▶ [Your instructions] The copy you return must begin at the line containing "VW 1.5 TSI PHEV" and end at the final line of the listing below, with every picture left out.

▶ [Provided data]
※ ※ ※
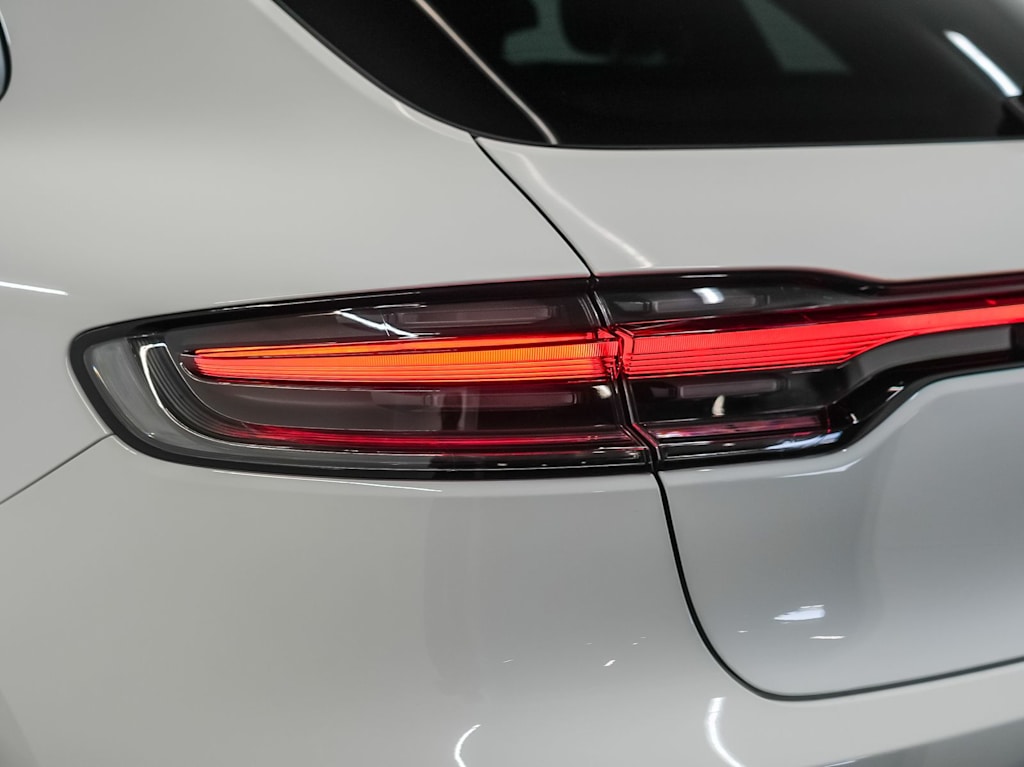 Thumbnail: 2026 Porsche Macan - 22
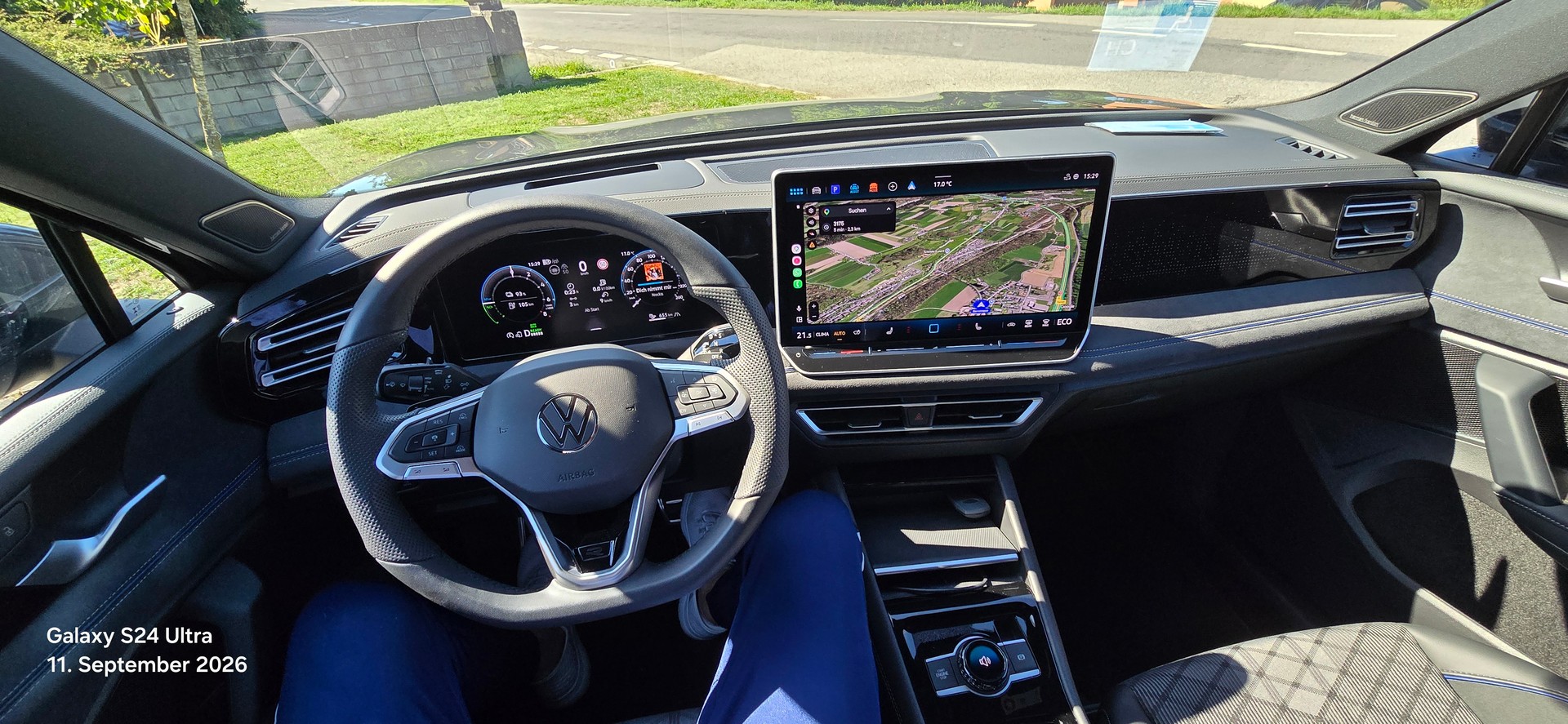 VW 1.5 TSI PHEV R-Line DSG (Plug-in-Hybrid)-image-2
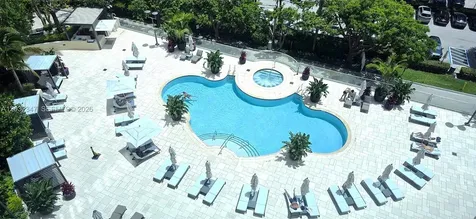 300 S Pointe Drive Miami Beach FL 33139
※ ※ ※
▶ [Exercise answer]
 VW 1.5 TSI PHEV R-Line DSG (Plug-in-Hybrid)-image-2
 300 S Pointe Drive Miami Beach FL 33139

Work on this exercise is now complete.